■ ABOUT THIS TASK: Starting with the line that contains "Designer 925 Sterling", copy each line exactly through the end of the listing, and omit all pictures.
BEGIN
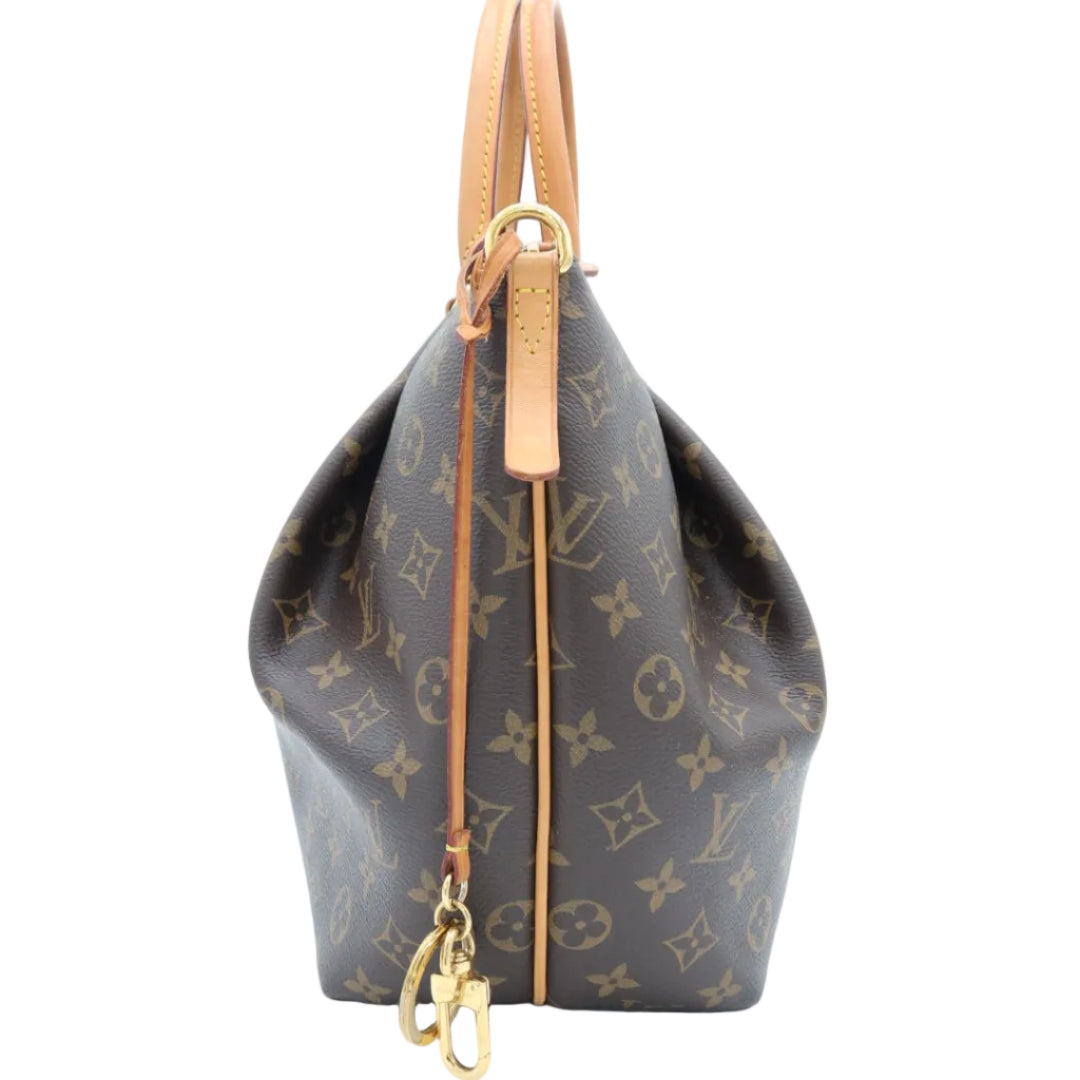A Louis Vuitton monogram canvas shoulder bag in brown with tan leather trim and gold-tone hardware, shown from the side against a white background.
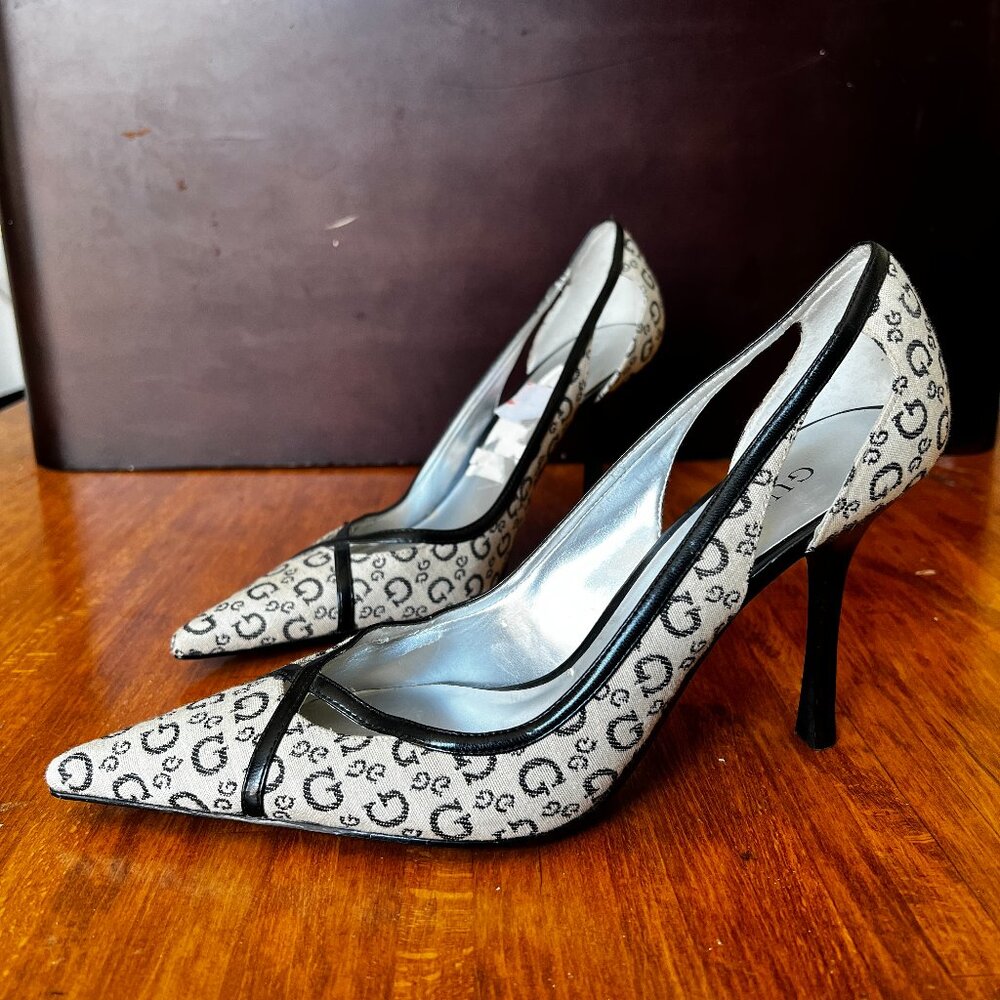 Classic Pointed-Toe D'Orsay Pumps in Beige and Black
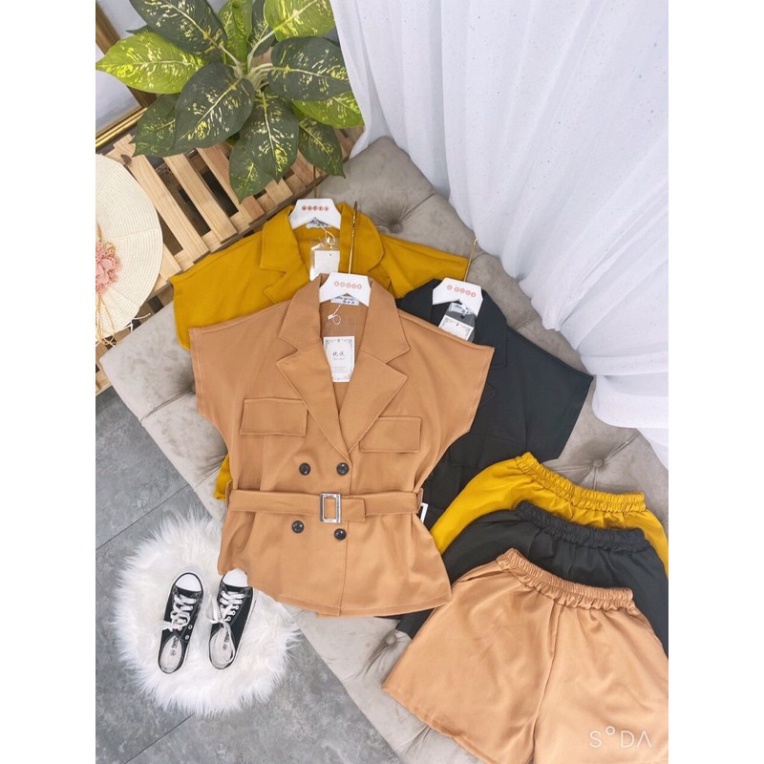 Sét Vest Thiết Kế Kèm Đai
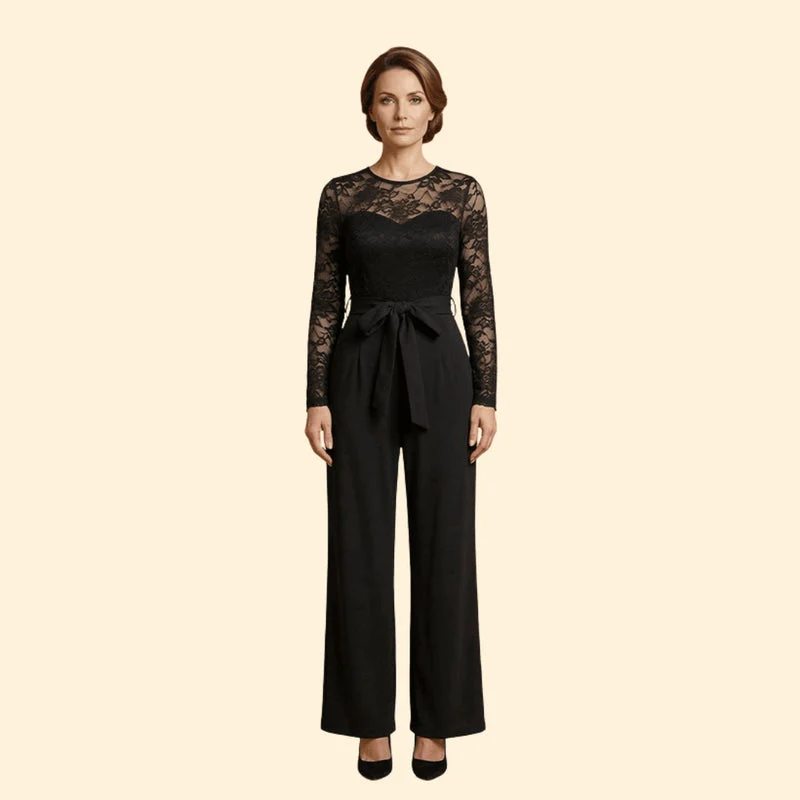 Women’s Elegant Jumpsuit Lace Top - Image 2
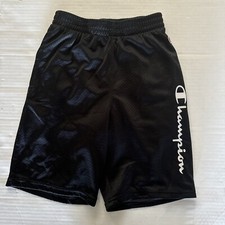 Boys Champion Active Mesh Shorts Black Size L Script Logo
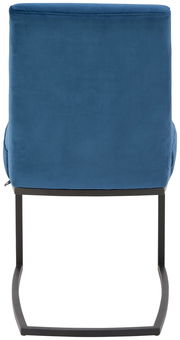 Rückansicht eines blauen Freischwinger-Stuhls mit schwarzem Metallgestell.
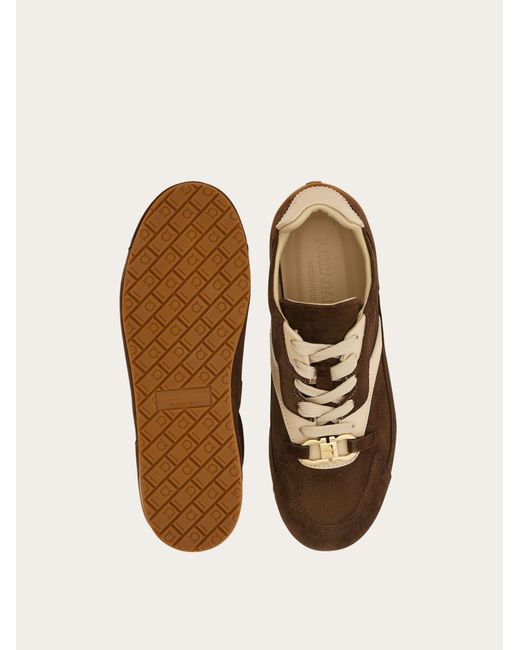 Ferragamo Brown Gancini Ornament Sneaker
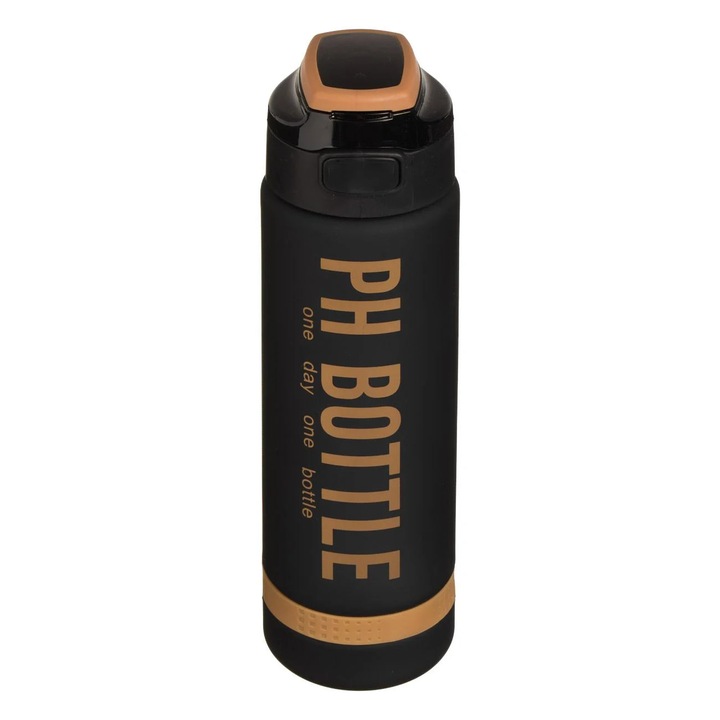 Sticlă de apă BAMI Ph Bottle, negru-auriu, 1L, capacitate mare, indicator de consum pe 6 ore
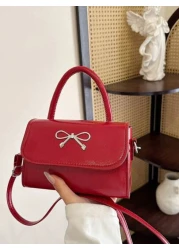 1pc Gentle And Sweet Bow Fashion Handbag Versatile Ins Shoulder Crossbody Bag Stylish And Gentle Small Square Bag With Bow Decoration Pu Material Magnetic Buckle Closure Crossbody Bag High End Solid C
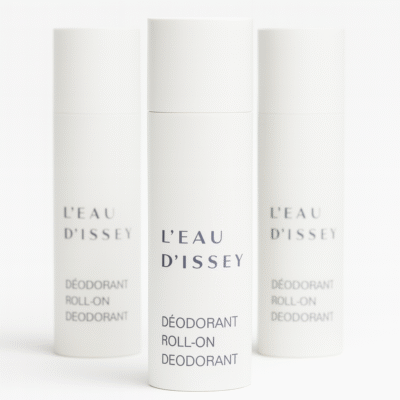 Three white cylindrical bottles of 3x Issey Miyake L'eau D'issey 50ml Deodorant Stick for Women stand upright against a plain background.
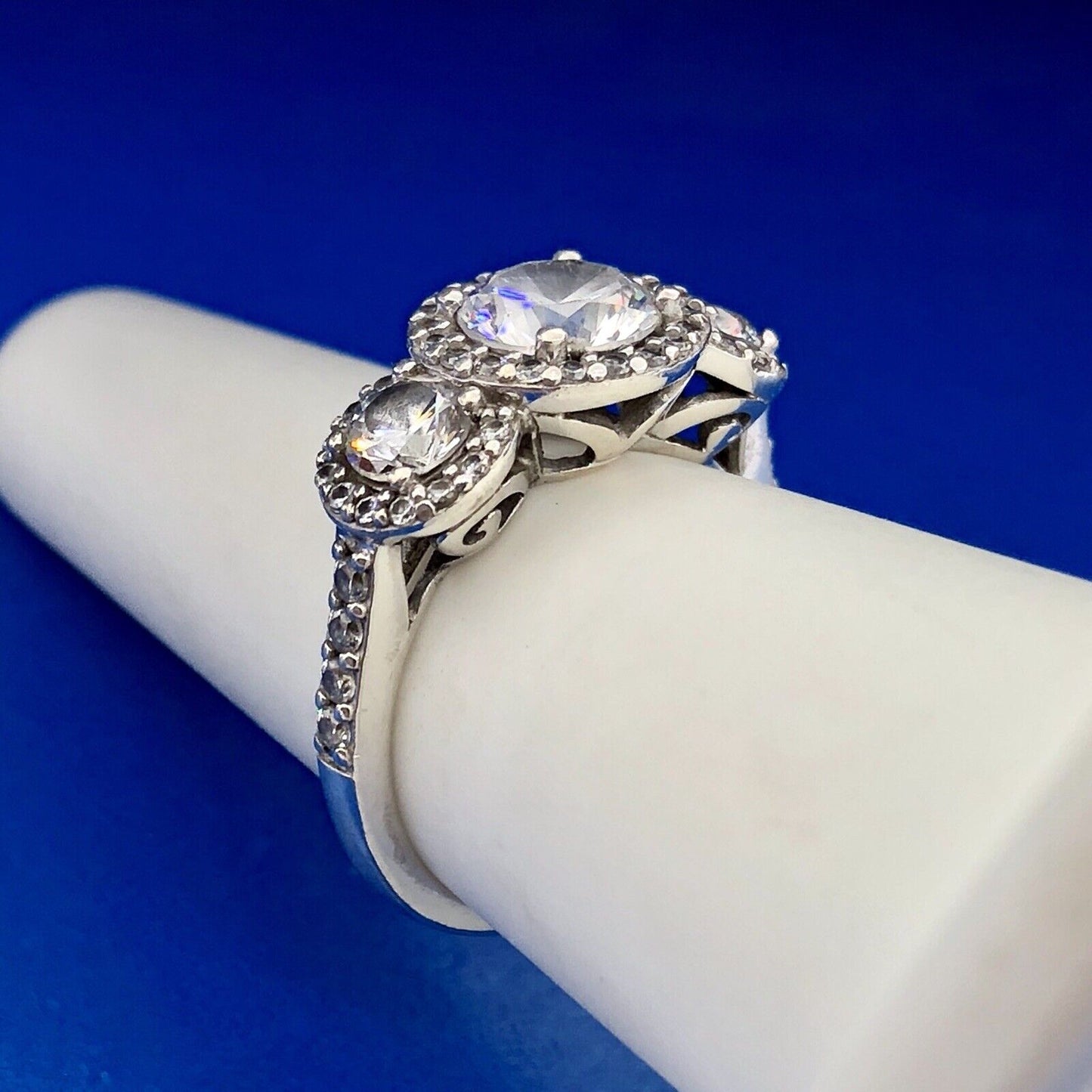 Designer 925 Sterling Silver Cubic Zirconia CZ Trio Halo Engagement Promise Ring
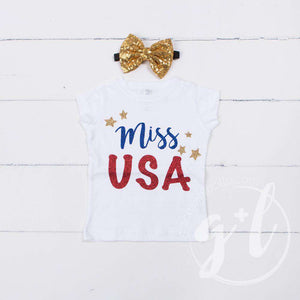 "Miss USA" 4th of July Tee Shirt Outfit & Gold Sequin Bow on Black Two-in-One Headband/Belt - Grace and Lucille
END
■ PROBLEM SOLUTION:
 Designer 925 Sterling Silver Cubic Zirconia CZ Trio Halo Engagement Promise Ring
 "Miss USA" 4th of July Tee Shirt Outfit & Gold Sequin Bow on Black Two-in-One Headband/Belt - Grace and Lucille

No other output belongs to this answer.